When the eruption had ceased – in truth it probably occurred in steps that lasted for days or weeks – the landscape surrounding the crater was a wasteland of volcanic debris. The lake margins were stabilized by pioneering vegetation like ferns (Fig. 2) (Lenz et al. 2007). At this point, the lake water was well mixed and fully oxygenated. However, mixing slowed, and the deeper waters were cut off from the atmosphere within a few hundred years. At this point, a permanent stratification became established. While the upper few meters of water were well mixed, the vast lower part of the lake was not; in that lower part the oxygen was depleted, and no multicellular life could continue to live in it. This “stratified” state of the lake was maintained for over a million years and is responsible for the formation of the oil-shale (Goth 1990).
Figure 2. Fern frond from Messel. Specimen in the collections of the Senckenberg Research Institute. Photograph: Martin Müller.
By the time the oil-shale was forming, a dense, multi-level forest surrounded Lake Messel. Swampy areas are indicated close to the margins. At the edge of the lake, as well as in treefall gaps, woody vines were abundant. There is indirect evidence for dryer, upland areas far afield. The organisms – animals, plants and fungi – preserved in the Middle Messel Formation are a mixture that originally lived in Lake Messel itself, along the shore, and in the surrounding forest (Smith et al. 2018c).
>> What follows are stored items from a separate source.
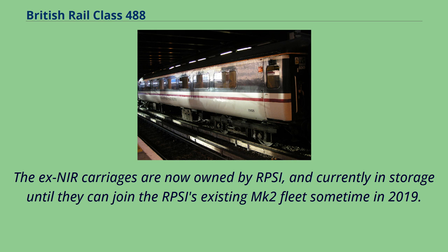The NIR carriages are now owned by RPSI, and currently in storage until they can join the RPSI's existing MK2 fleet sometime in 2019.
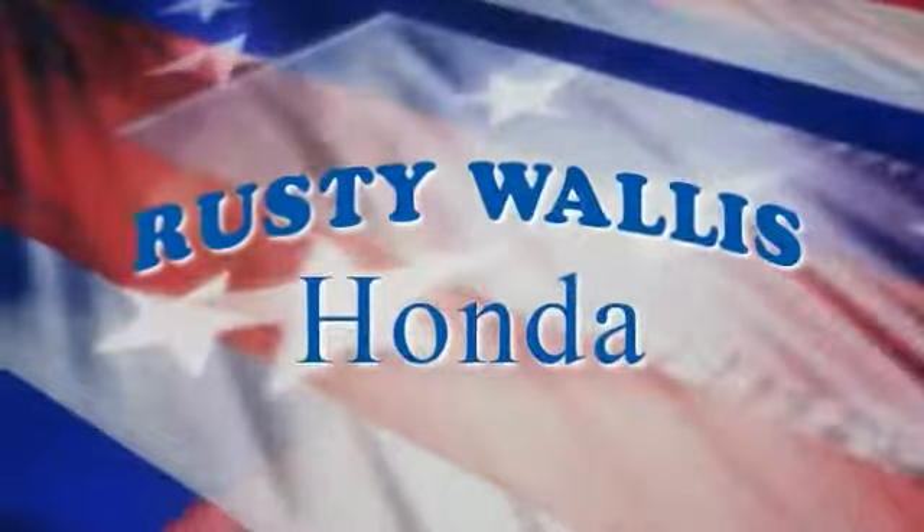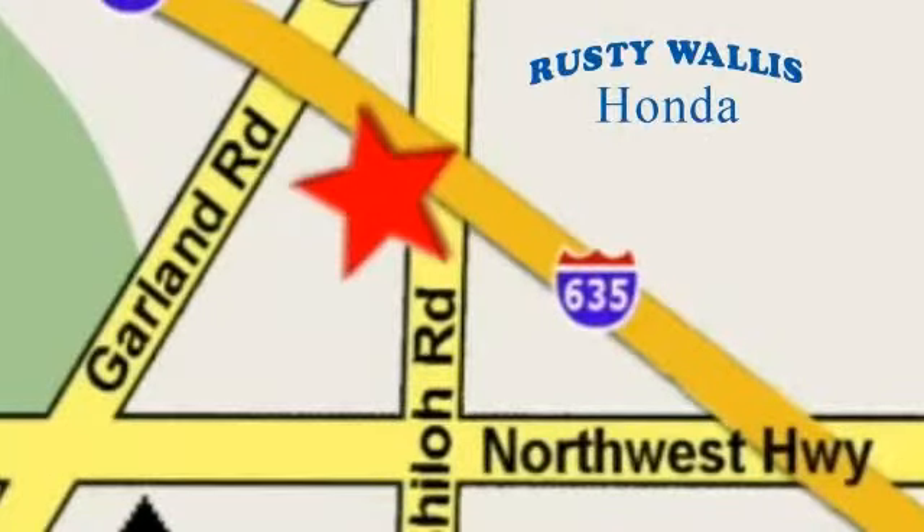At Rusty Wallace Honda, our primary goal is to satisfy our customers. Stop in today. We're easy to find, just off I-635 at Shiloh Road.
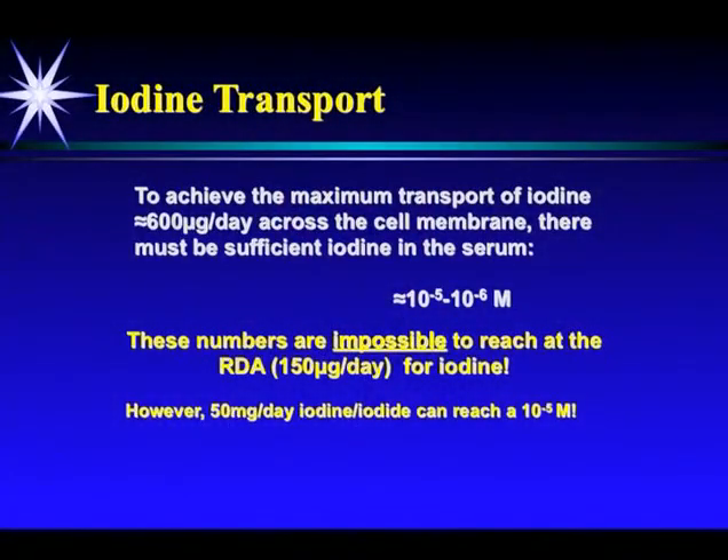So to get 600 micrograms of iodine across the cell and into the thyroid gland, you need a serum concentration of 10 to the minus 5th to minus 6 molar. You can't reach that at the RDA for iodine — it's impossible. You'll never get the levels up high enough in the blood.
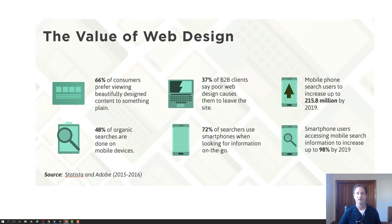The value of web design is pretty obvious. 60% of customers prefer viewing beautifully designed content over something plain. 37% of B2B — that's business-to-business — clients say poor web design causes them to leave the site. Web design makes a massive impression on your customers. Mobile phone search users are expected to increase up to 215 million by 2019, and 72% of searchers use smartphones when looking for information on the go.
How did Organisms Come to be Preserved?
While water-dwelling organisms like aquatic insects and fishes would have died in the lake itself, plant organs like pollen and leaves were presumably blown into the lake or carried thither by small streams. Terrestrial animals presumably suffered the same fate. All these terrestrial elements of the surrounding community had to be transported to the center of the lake and sink.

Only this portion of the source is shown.